This is part of a series of articles looking at real operational situations and how virtualization management solutions react.
You know the drill. You have to conduct routine infrastructure maintenance, like a hypervisor update. You start this process by performing live migration of guest workloads off of the update target to other hosts in the cluster, and making the target unavailable (maintenance mode).
So, what’s the impact on the in-place management solution in your virtual environment?
For tools with “learning” algorithms, like vCenter Operations Manager (VCOMS), all of the operating hosts would immediately experience abnormal resource utilization due to the additional guest loads. Smart alerts may be generated due to the abnormal conditions (and would be repeated as you rolled through the cluster updating each host). Depending on how long the update takes, you may set a new “normal” and then have an abnormal situation when you’ve completed maintenance, generating even more alerts. So, you either have to ignore the alerts or (as many resort to) you turn all alerts off during the maintenance period. Turning off alerts means your management system isn’t really adding value during maintenance downtime.
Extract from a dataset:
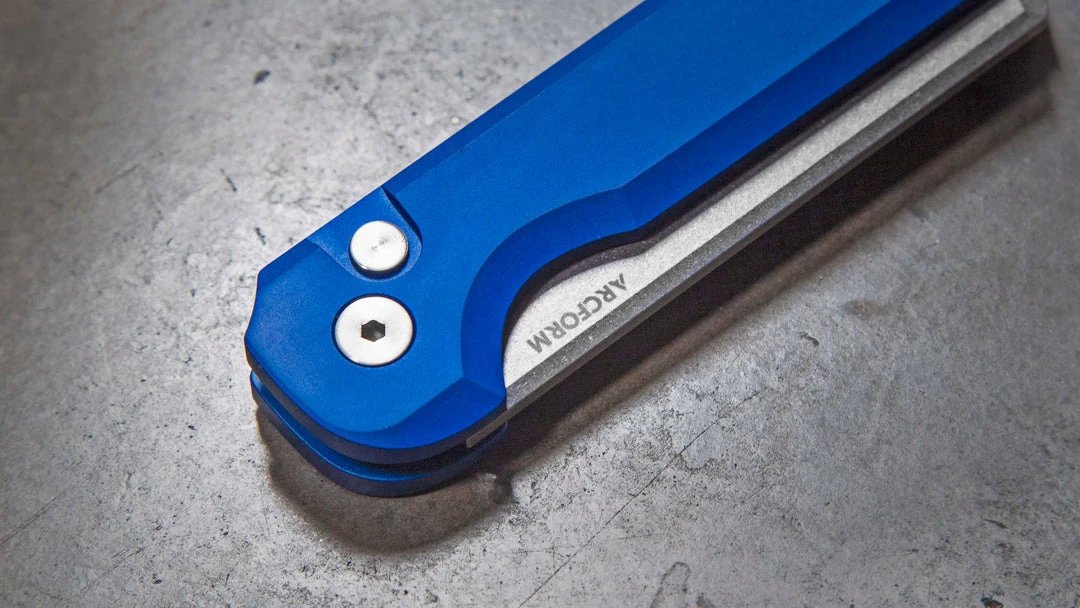 Brand new π Arcform Blue Slimfoot ARC-061 Auto Knife Stonewash 3.1" 154CM (USA) π― 7 Arcform Blue Slimfoot ARC-061 Auto Knife Stonewash 3.1" 154CM (USA)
For tools with fixed thresholds, you have a 50/50 chance that the increased resource utilization is going to exceed the threshold (and if it does you will consequently generate a bunch of alerts). Again, you have to choose to either ignore or disable alerts. How do you optimize the performance of your cluster during this period? All of the long-term trends and graphs collected up until this point are meaningless because you have increased utilization on one or more hosts—unlike anything in the past. Also, once you’ve completed maintenance you have a resource increase in your history going forward. How do you ignore these data points in your 30-day trend analysis when you’re back to “normal?”
In contrast, using VMTurbo Operations Manager in a maintenance scenario responds in the same way as when not in maintenance mode. It will continually drive the environment to the “desired state”—one where workloads running in virtual machines get the resources they need to optimally perform while maximizing utilization of infrastructure resources. It recognizes the host in maintenance mode and immediately seeks to optimize the environment for the remaining hosts. Operations Manager automates decision-making regarding resource allocation and workload placement to assure performance of workloads/applications running in virtual machines during the maintenance period—providing a “To Do” list of actions to keep the environment in the “desired state.” The “To Do” list is continuously updated as you roll the updates through the cluster, assuring optimal performance during this reduced capacity period. And, when you come out of maintenance mode, Operations Manager updates the “To Do” list to optimize the environment for full capacity.
There’s no need to turn off or ignore alerts, no new “normal” learned, and no trial-and-error placement or configuration changes required to avoid a disruption of service. Operations Manager provides control before, during and after the maintenance period.
Sounds a lot less risky to me.